Starting at the line with "Ben Hogan Men's", copy each line through the last one below exactly as written, without any pictures.
-- Given information follows --
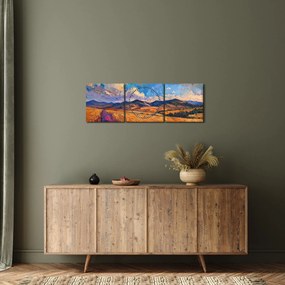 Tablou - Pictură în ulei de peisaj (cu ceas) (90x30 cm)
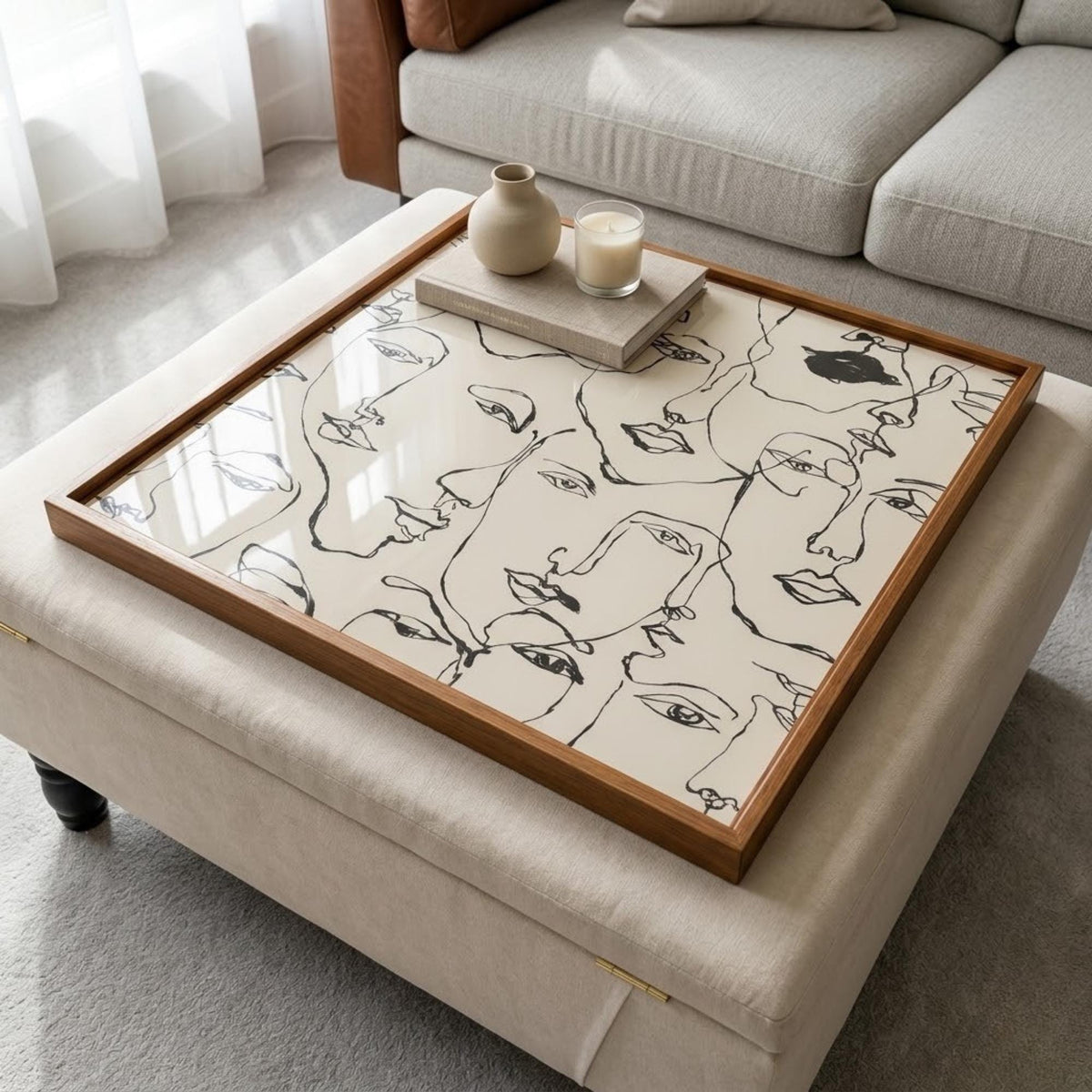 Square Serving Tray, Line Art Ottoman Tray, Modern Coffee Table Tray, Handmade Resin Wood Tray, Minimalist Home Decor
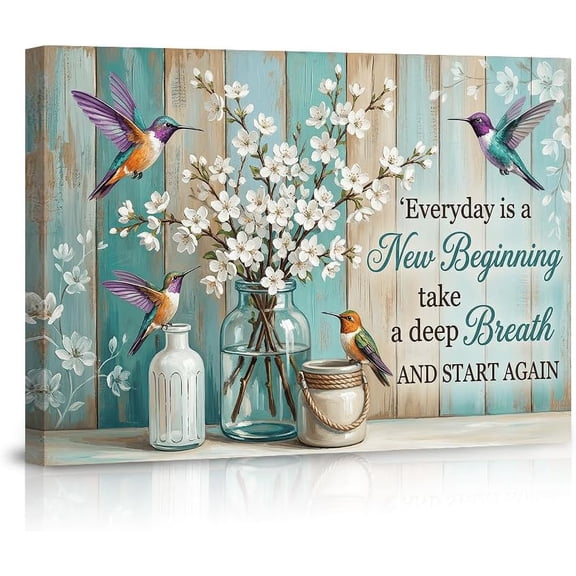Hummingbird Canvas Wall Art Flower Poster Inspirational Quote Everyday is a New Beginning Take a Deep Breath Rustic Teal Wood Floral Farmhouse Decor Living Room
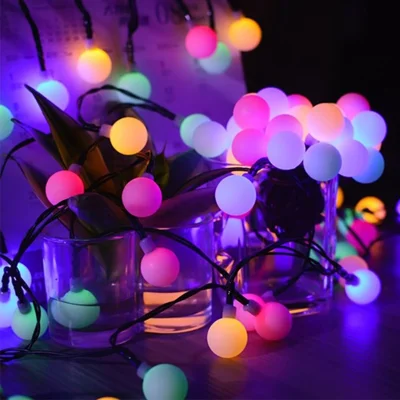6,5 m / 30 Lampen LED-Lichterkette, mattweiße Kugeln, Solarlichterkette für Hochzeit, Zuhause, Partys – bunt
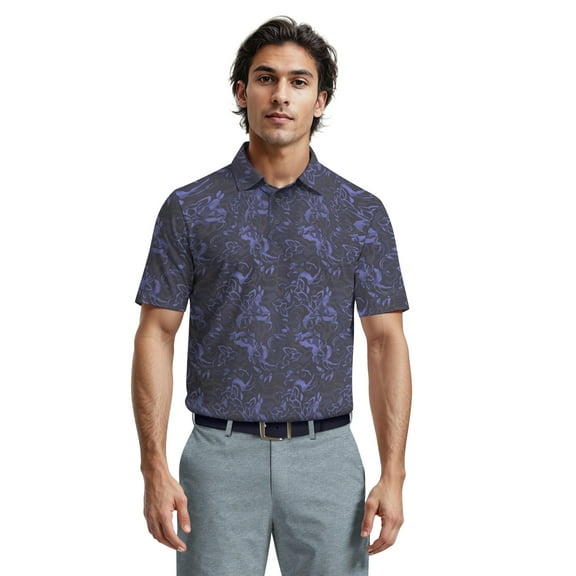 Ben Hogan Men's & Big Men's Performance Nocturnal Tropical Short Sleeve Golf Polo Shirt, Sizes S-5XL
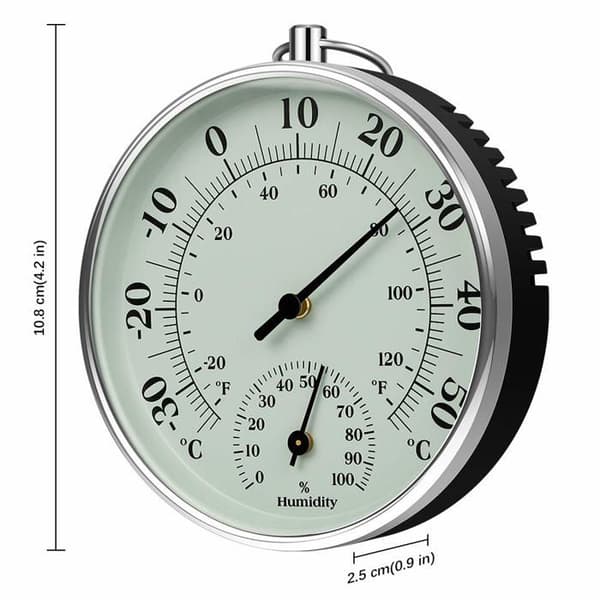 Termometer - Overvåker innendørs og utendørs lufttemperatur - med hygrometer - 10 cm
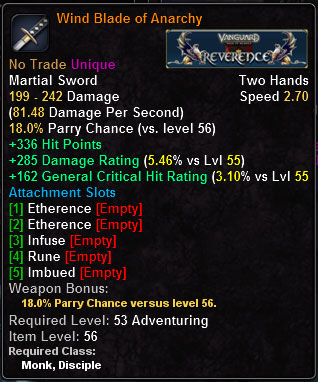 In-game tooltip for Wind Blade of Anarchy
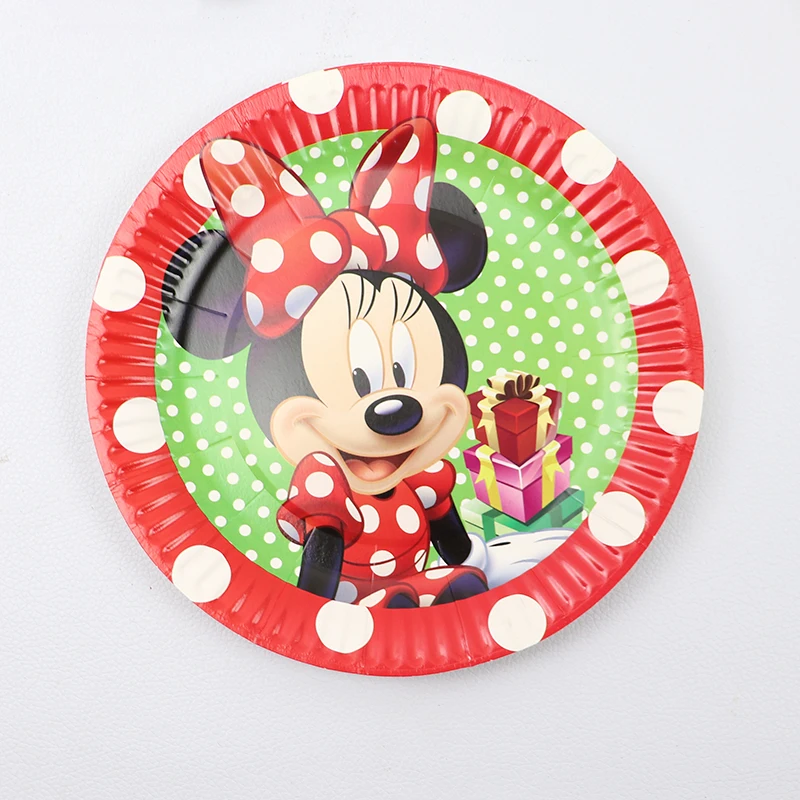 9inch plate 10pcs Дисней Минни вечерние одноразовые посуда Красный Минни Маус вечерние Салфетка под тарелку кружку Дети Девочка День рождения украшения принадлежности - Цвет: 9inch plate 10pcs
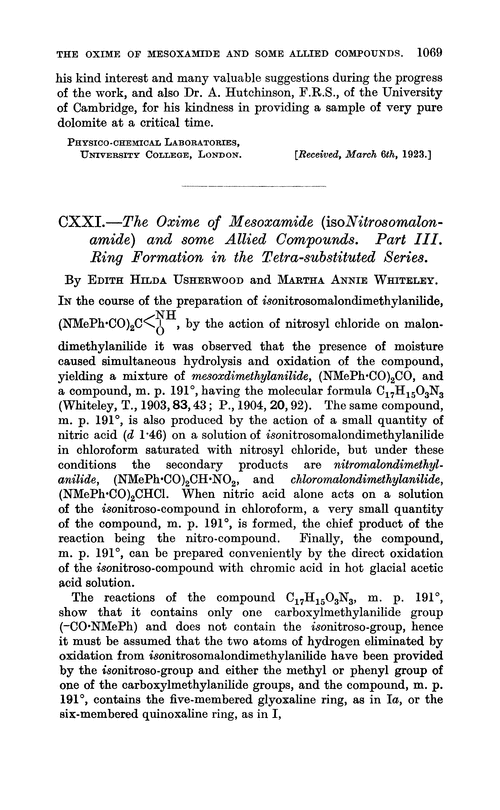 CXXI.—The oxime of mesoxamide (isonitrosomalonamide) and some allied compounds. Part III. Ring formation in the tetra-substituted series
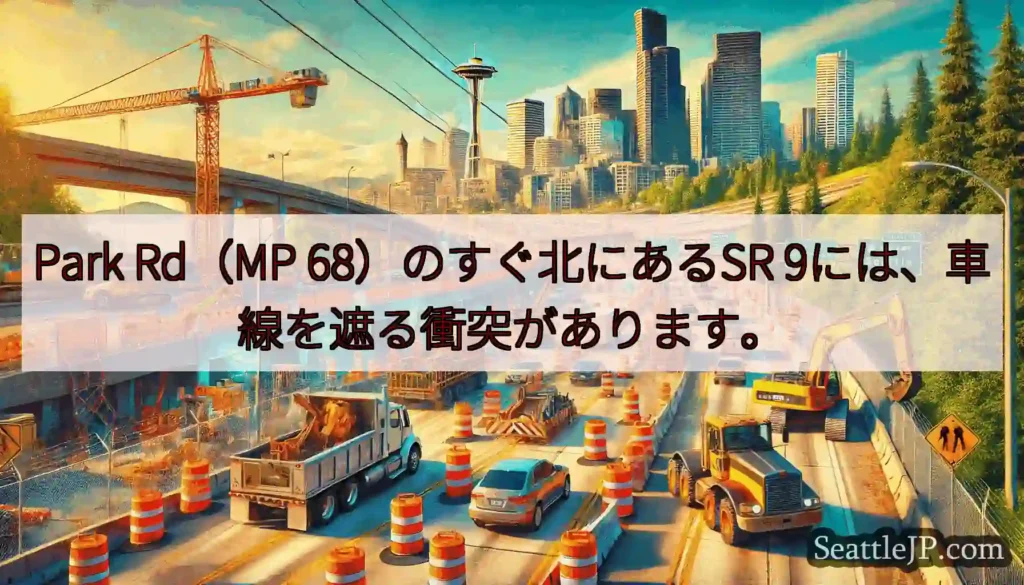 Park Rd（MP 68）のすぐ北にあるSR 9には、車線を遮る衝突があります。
-- Given information concluded --
Task output:
 Ben Hogan Men's & Big Men's Performance Nocturnal Tropical Short Sleeve Golf Polo Shirt, Sizes S-5XL
 Termometer - Overvåker innendørs og utendørs lufttemperatur - med hygrometer - 10 cm
 In-game tooltip for Wind Blade of Anarchy
 9inch plate 10pcs Дисней Минни вечерние одноразовые посуда Красный Минни Маус вечерние Салфетка под тарелку кружку Дети Девочка День рождения украшения принадлежности - Цвет: 9inch plate 10pcs
 CXXI.—The oxime of mesoxamide (isonitrosomalonamide) and some allied compounds. Part III. Ring formation in the tetra-substituted series
 Park Rd（MP 68）のすぐ北にあるSR 9には、車線を遮る衝突があります。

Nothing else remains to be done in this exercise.